> [Given data]:
= Beginning of Section =

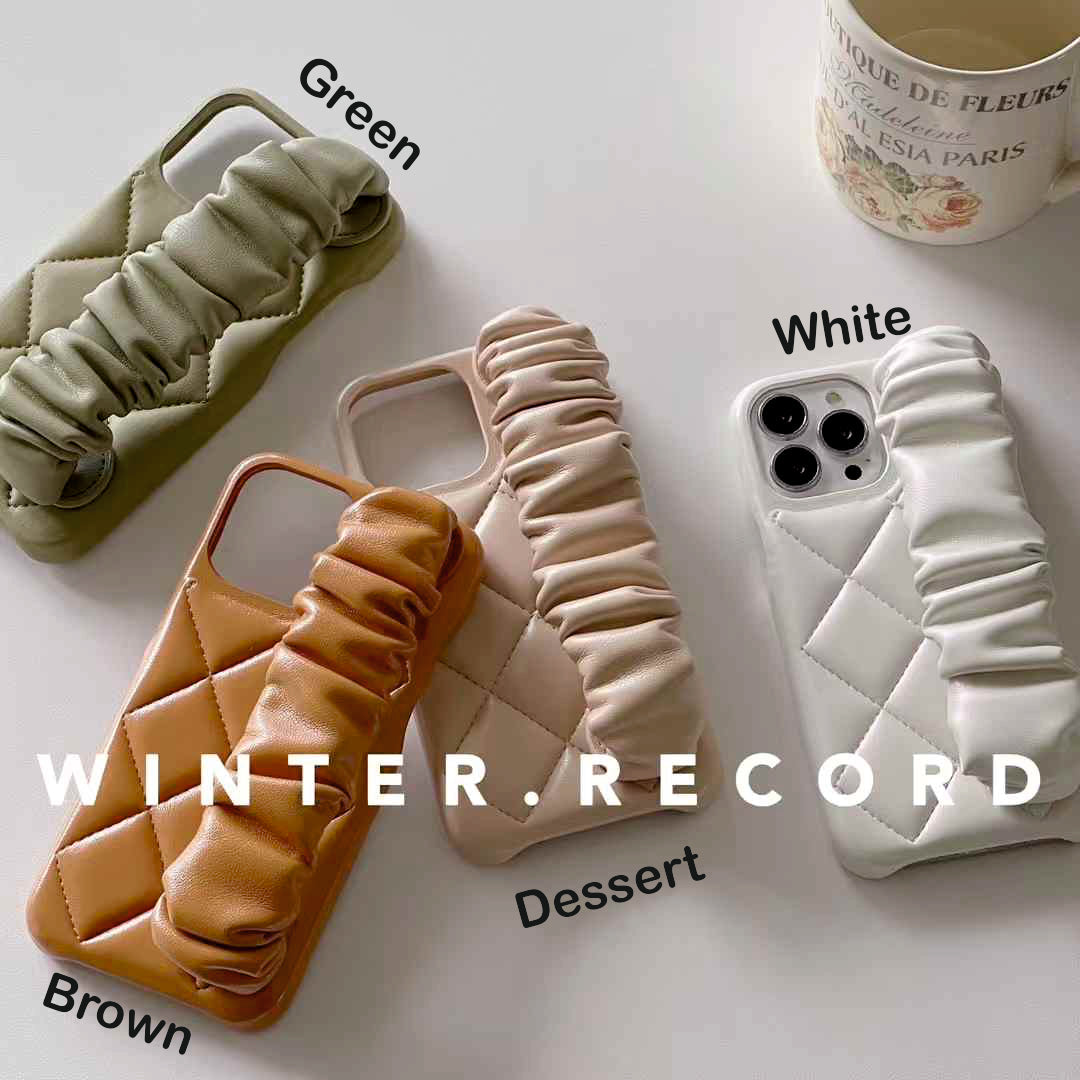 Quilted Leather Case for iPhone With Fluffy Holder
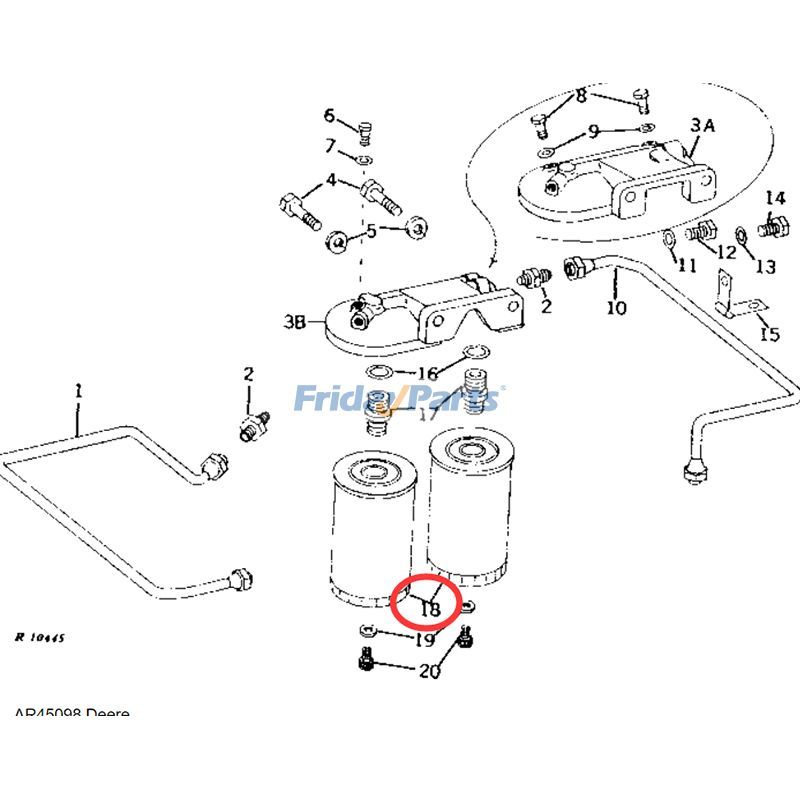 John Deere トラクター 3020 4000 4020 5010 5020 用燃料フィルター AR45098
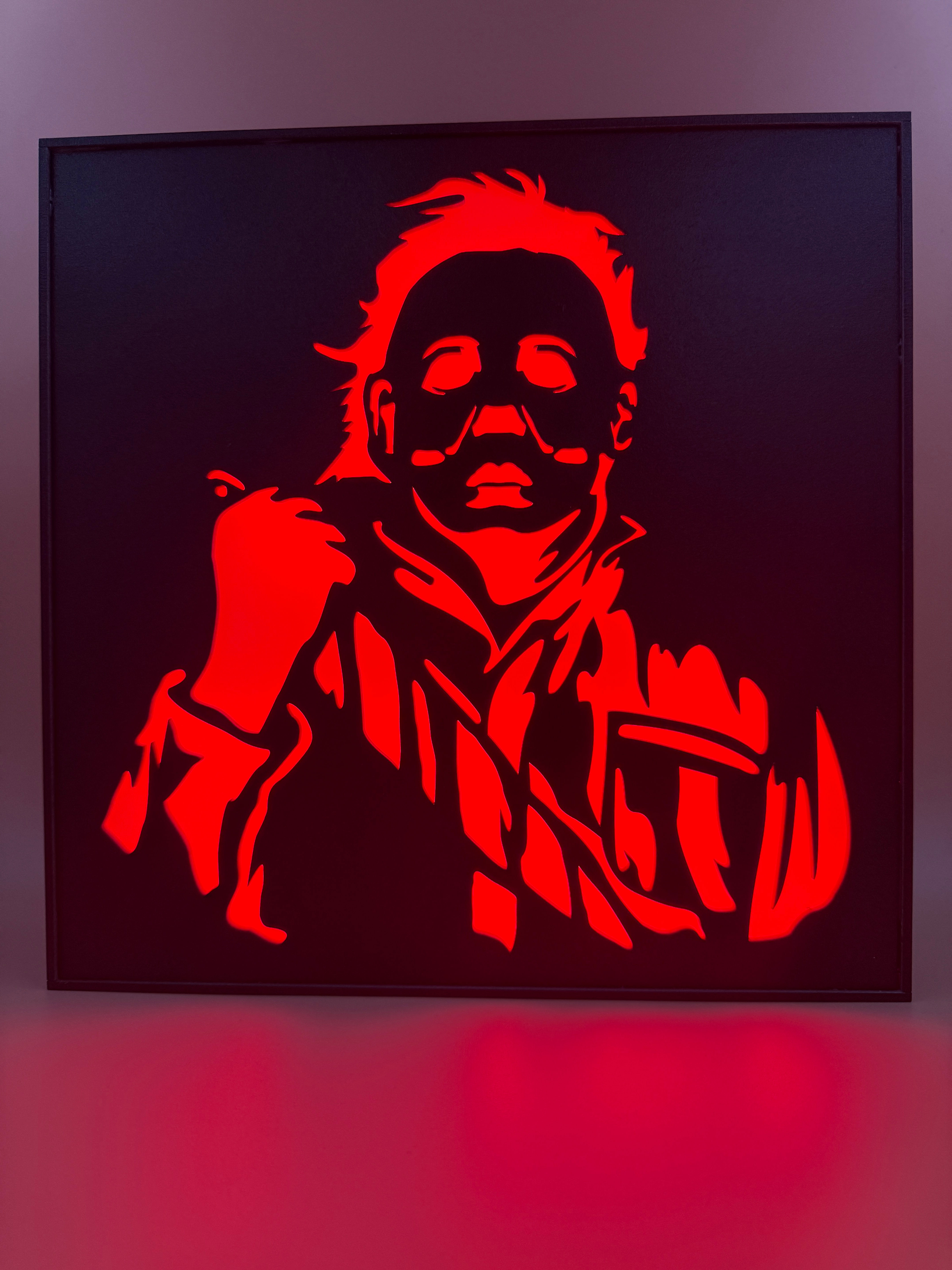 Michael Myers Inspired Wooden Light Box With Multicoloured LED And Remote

= End of Section =

Reproduce all of the material exactly, apart from the pictures.

> [Task output]:
 Quilted Leather Case for iPhone With Fluffy Holder
 John Deere トラクター 3020 4000 4020 5010 5020 用燃料フィルター AR45098
 Michael Myers Inspired Wooden Light Box With Multicoloured LED And Remote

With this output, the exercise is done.